To go against the grain of big government pieties of both left and right is to resign yourself to being on the outs pretty regularly by disagreeing with both sides but to rest confidentially in the cool of knowing you hold your ground.

To be on the outs means you retain a crucial aspect of cool. You aren’t the mainstream even though you benefit from not being made its enemy no matter who is winning.

Casablanca is libertarian coded and undeniably cool. Seeing the fallen world as it is and having the balls (or backbone for those with delicate sensibilities) to live your own life is an act of bravery. To have own opinion amongst sinners and saints is fundamentally to cultivate and know your own taste.

That returns me to the essay by Spencer Klavan “A Matter of Taste” that kicked off my response.

If we’re serious about a revival, we are going to have to accept the inherent risk and unpredictability that comes from letting artists see the world before they judge it.
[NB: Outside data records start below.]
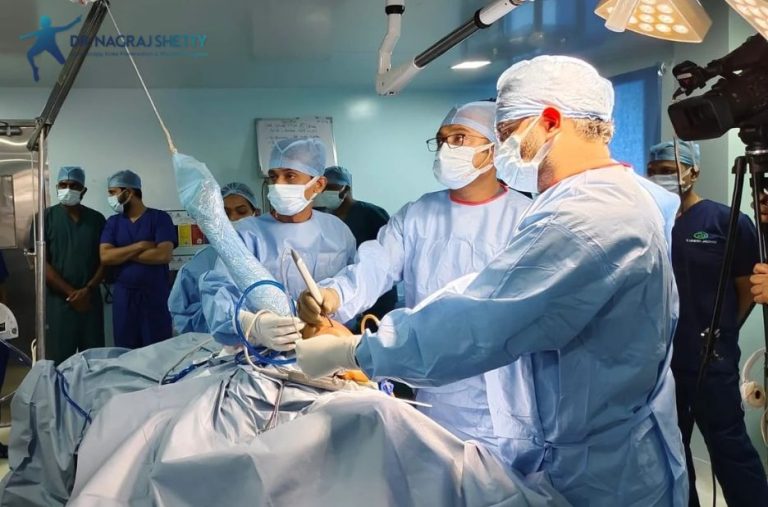 Top Choices for Shoulder Arthroscopy in India and Mumbai
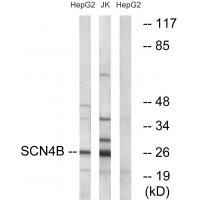 SCN4B Antibody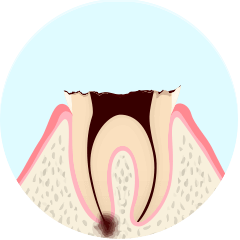 C4：歯全体まで進んだ虫歯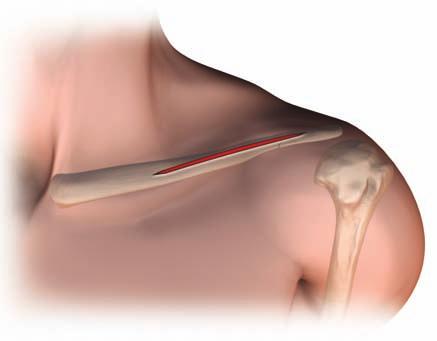 Incision A parallel incision is made along the inferior border of the
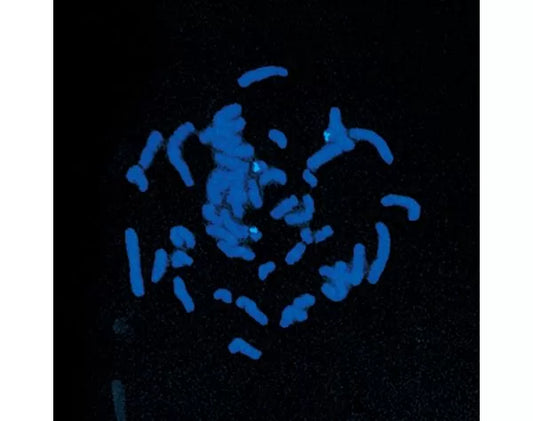 VECTASHIELD with DAPI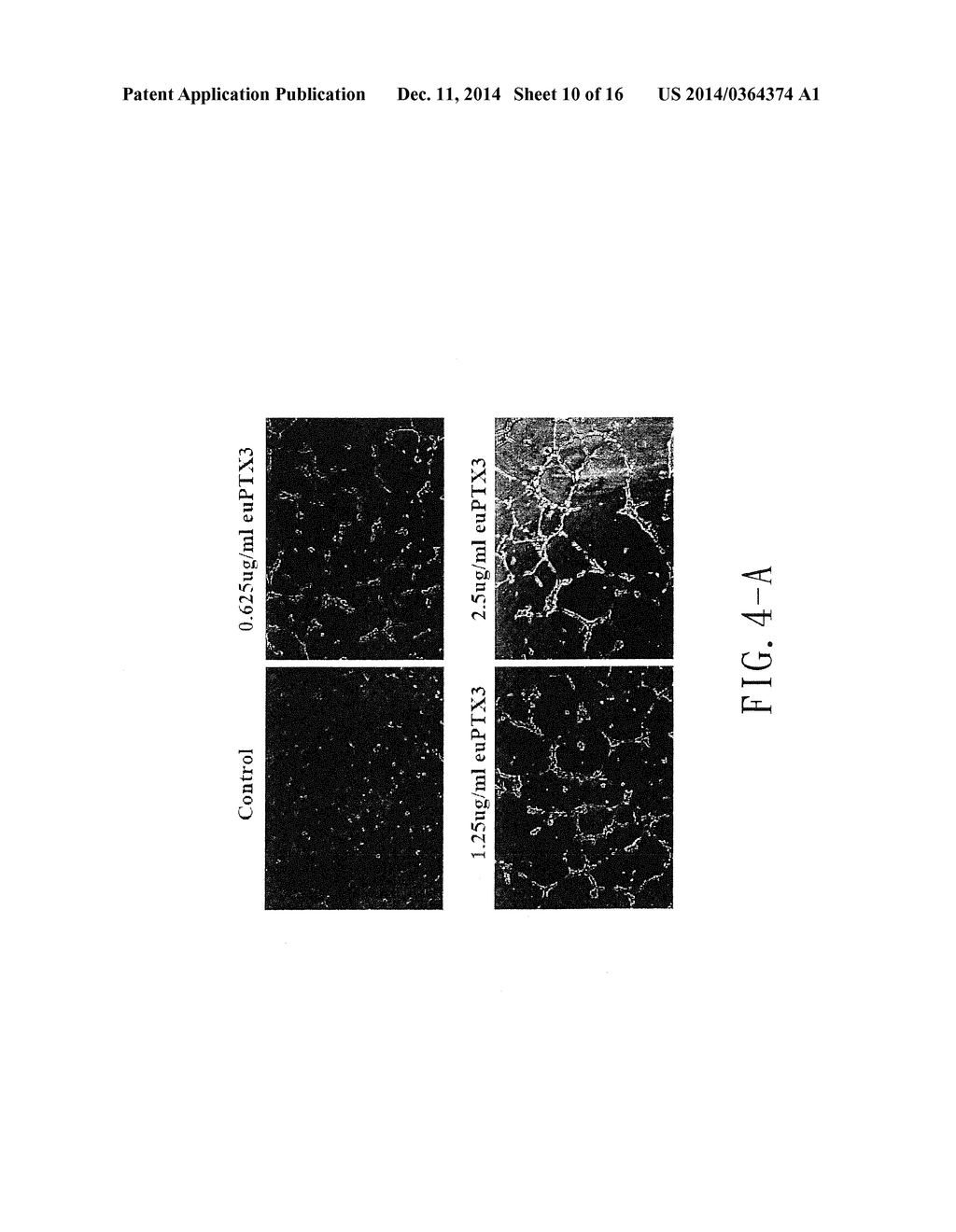 AMINO ACID SEQUENCE FOR INHIBITING PTX3 TO TREAT NASOPHARYNGEAL CARCINOMA - diagram, schematic, and image 11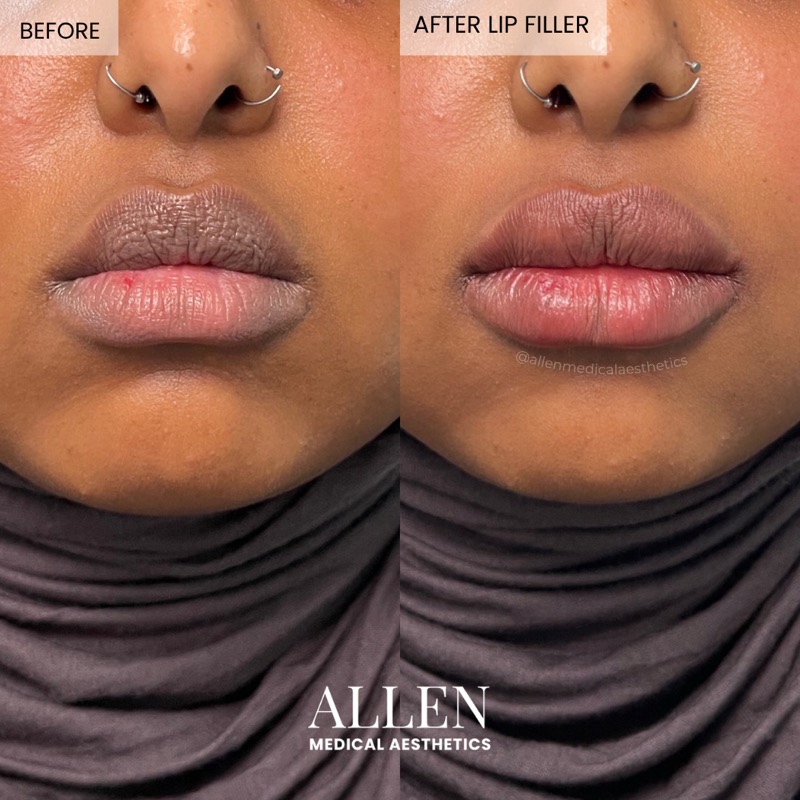Before and after lip filler for vermillion border
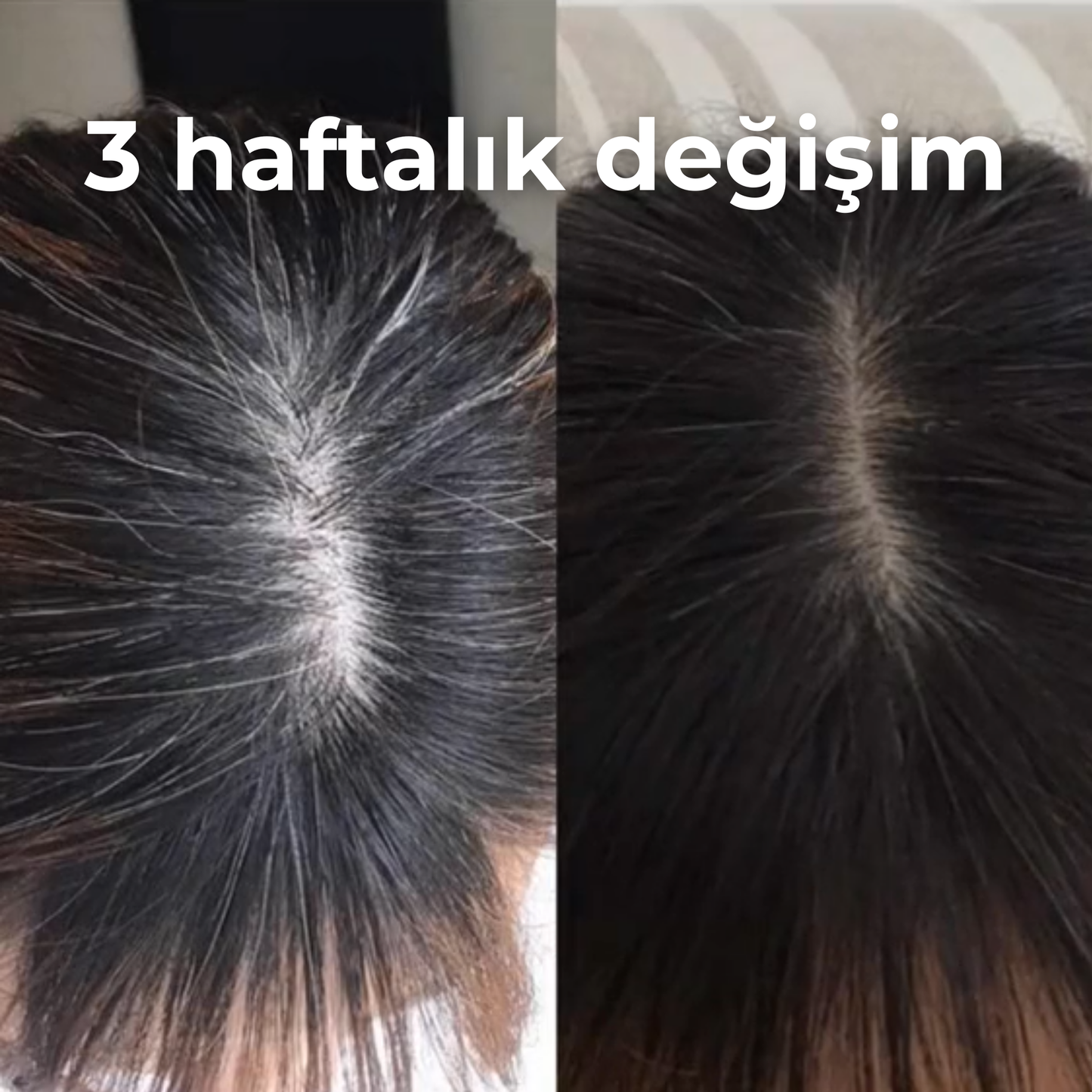 Saç Beyazlama Karşıtı Doğal Sabun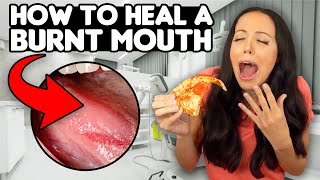 6 QUICK ways to HEAL a BURNT MOUTH [upl. by Egroj49]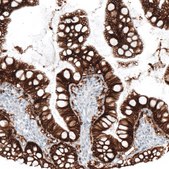 Monoclonal Anti-EPCAM antibody produced in mouse Prestige Antibodies&#174; Powered by Atlas Antibodies, clone CL6259, purified immunoglobulin, buffered aqueous glycerol solution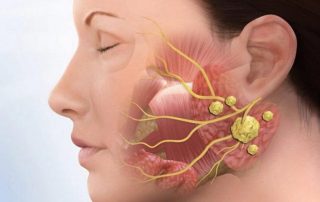 سنگ غده بزاقی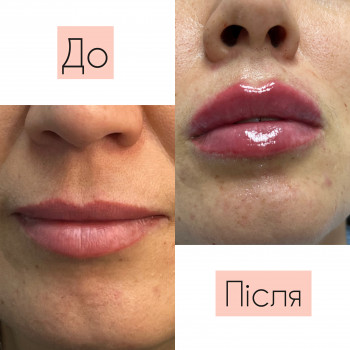 Зволоження губ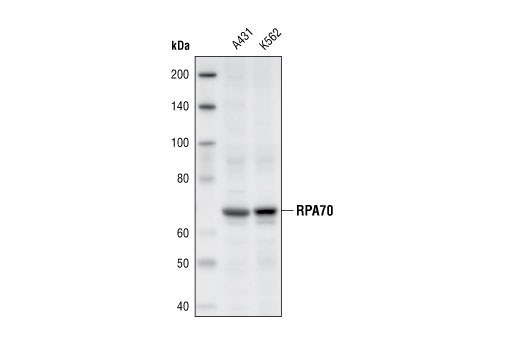 Western Blotting Image 1: RPA70/RPA1 Antibody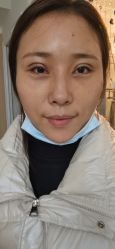 -西安壹加壹医疗美容·西北抗衰旗舰店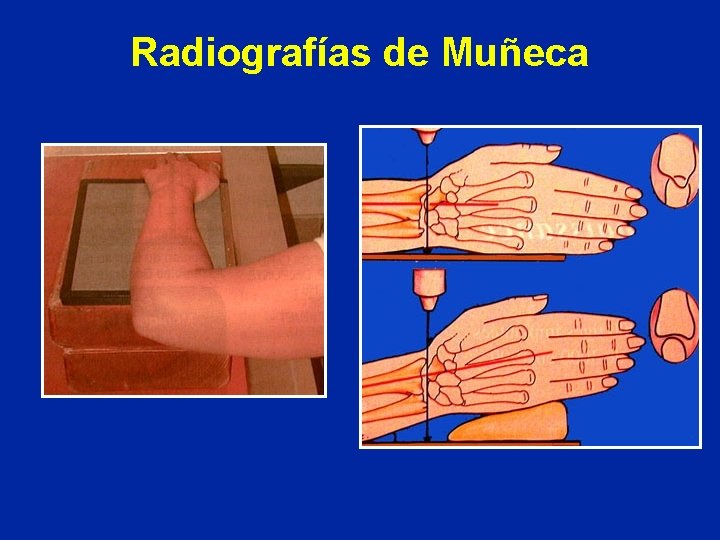 Radiografías de Muñeca Radiografías de Muñeca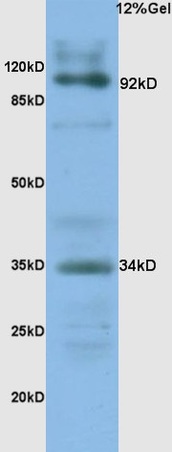 L1 human colon carcinoma lysates probed with Anti- CD138/Syndecan-1 Polyclonal Antibody, Unconjugated (bs-1309R) at 1:200 overnight at 4˚C. Followed by conjugation to secondary antibody (bs-0295G-HRP) at 1:3000 for 90 min at 37˚C. Predicted band 34kD.Observed band 34D, 92kD L1 human colon carcinoma lysates probed with Anti- CD138/Syndecan-1 Polyclonal Antibody, Unconjugated (bs-1309R) at 1:200 overnight at 4˚C. Followed by conjugation to secondary antibody (bs-0295G-HRP) at 1:3000 for 90 min at 37˚C. Predicted band 34kD.Observed band 34D, 92kD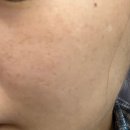 759 | 깨순이의 주근깨 터는 날 / 압구정 피부과 루비레이저 내돈내산 주근깨 시술 후기 / 759방 / 3개월 이후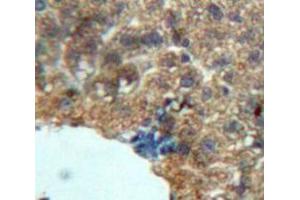 Used in DAB staining on fromalin fixed paraffin-embedded Liver tissue (Growth Hormone 1 antibody  (AA 28-216))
In turn, we are going to have to learn to suspend our own judgment long enough to see what the artists bring us for what it is. In other words, we will have to cultivate a little taste.

If we do not know our own taste we can hardly know the line at which we draw the boundaries of civilization. To know what we value is the point of cultivating taste. To hold on to the standards you’ve set for yourself is to hold yourself up to others. To live this way in action and through your own revealed preferences is to say “this is what I value” in my actual life. If you can’t do that, then you will always be in danger of having someone they are cooler than you. And a loser might care.